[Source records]
---+---
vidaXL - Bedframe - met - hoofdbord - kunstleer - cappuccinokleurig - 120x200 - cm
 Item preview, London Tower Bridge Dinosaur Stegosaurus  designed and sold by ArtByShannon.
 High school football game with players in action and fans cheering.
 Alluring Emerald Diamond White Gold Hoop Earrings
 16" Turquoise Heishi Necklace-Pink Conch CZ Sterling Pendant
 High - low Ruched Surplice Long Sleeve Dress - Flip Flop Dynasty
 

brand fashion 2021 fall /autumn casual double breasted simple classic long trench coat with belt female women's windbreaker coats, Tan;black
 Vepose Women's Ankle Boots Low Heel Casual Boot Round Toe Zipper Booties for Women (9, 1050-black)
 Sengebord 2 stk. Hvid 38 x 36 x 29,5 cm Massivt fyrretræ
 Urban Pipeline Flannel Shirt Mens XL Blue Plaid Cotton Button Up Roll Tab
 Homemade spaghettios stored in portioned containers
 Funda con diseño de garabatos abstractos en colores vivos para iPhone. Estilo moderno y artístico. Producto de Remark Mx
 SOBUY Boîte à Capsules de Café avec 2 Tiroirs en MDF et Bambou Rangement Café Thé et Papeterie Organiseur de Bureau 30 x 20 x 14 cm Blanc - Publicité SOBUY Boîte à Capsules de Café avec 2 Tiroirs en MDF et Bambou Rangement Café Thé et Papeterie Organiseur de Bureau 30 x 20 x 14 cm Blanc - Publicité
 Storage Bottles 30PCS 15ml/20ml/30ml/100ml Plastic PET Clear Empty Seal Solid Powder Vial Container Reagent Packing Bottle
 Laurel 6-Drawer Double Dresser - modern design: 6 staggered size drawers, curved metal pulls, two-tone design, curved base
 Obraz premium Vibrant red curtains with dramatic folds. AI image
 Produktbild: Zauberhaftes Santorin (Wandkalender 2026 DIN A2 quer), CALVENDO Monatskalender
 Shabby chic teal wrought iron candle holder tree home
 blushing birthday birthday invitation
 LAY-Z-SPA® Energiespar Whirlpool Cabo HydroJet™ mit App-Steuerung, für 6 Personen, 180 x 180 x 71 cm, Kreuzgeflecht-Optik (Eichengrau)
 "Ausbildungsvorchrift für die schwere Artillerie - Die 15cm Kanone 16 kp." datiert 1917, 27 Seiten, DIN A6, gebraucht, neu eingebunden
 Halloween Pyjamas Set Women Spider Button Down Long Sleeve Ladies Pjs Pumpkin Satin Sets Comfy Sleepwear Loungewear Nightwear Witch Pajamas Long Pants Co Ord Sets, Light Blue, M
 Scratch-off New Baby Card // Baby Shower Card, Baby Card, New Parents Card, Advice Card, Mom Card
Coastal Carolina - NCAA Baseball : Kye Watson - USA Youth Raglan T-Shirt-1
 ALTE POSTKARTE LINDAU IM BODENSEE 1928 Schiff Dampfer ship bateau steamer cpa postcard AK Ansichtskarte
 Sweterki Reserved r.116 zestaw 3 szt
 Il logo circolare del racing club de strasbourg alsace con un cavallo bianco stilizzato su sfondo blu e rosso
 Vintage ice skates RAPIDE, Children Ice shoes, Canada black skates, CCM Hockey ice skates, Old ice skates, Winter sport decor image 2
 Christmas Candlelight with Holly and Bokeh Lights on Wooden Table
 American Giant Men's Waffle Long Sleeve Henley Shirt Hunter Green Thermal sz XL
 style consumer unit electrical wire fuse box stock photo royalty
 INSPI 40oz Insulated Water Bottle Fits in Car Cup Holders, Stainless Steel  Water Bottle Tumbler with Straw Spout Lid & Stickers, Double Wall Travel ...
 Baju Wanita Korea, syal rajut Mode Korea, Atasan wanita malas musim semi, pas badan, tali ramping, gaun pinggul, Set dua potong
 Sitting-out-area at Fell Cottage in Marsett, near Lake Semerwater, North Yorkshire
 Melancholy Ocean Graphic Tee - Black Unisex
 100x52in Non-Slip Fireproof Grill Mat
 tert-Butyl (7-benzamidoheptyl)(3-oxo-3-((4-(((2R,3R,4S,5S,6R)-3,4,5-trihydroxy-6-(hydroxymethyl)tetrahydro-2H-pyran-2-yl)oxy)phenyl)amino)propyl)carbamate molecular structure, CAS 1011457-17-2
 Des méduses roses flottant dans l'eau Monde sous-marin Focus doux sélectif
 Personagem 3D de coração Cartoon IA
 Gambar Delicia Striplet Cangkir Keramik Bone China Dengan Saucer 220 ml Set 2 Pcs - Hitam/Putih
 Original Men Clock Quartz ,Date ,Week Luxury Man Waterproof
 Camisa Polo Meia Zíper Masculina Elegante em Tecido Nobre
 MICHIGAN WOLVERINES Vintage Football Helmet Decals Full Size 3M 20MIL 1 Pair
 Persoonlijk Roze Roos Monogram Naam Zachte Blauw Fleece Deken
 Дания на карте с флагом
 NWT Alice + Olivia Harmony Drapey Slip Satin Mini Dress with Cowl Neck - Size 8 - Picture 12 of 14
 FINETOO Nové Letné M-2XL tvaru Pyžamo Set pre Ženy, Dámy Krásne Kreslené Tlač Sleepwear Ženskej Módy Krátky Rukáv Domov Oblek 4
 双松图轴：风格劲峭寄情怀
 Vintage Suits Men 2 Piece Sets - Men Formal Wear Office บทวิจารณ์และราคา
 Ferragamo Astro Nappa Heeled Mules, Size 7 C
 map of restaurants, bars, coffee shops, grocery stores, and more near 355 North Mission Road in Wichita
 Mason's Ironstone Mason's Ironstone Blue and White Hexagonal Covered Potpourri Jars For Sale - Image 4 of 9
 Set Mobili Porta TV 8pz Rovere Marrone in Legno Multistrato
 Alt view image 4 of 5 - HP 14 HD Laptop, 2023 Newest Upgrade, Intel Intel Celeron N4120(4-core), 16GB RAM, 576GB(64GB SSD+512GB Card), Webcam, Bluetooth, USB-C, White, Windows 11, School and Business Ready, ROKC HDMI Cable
---+---
## Your task:
An exact copy of the lines above between the line holding "NWT Alice +" and the line holding "map of restaurants, bars, coffee", inclusive, is the whole answer.

## Solved problem:
 NWT Alice + Olivia Harmony Drapey Slip Satin Mini Dress with Cowl Neck - Size 8 - Picture 12 of 14
 FINETOO Nové Letné M-2XL tvaru Pyžamo Set pre Ženy, Dámy Krásne Kreslené Tlač Sleepwear Ženskej Módy Krátky Rukáv Domov Oblek 4
 双松图轴：风格劲峭寄情怀
 Vintage Suits Men 2 Piece Sets - Men Formal Wear Office บทวิจารณ์และราคา
 Ferragamo Astro Nappa Heeled Mules, Size 7 C
 map of restaurants, bars, coffee shops, grocery stores, and more near 355 North Mission Road in Wichita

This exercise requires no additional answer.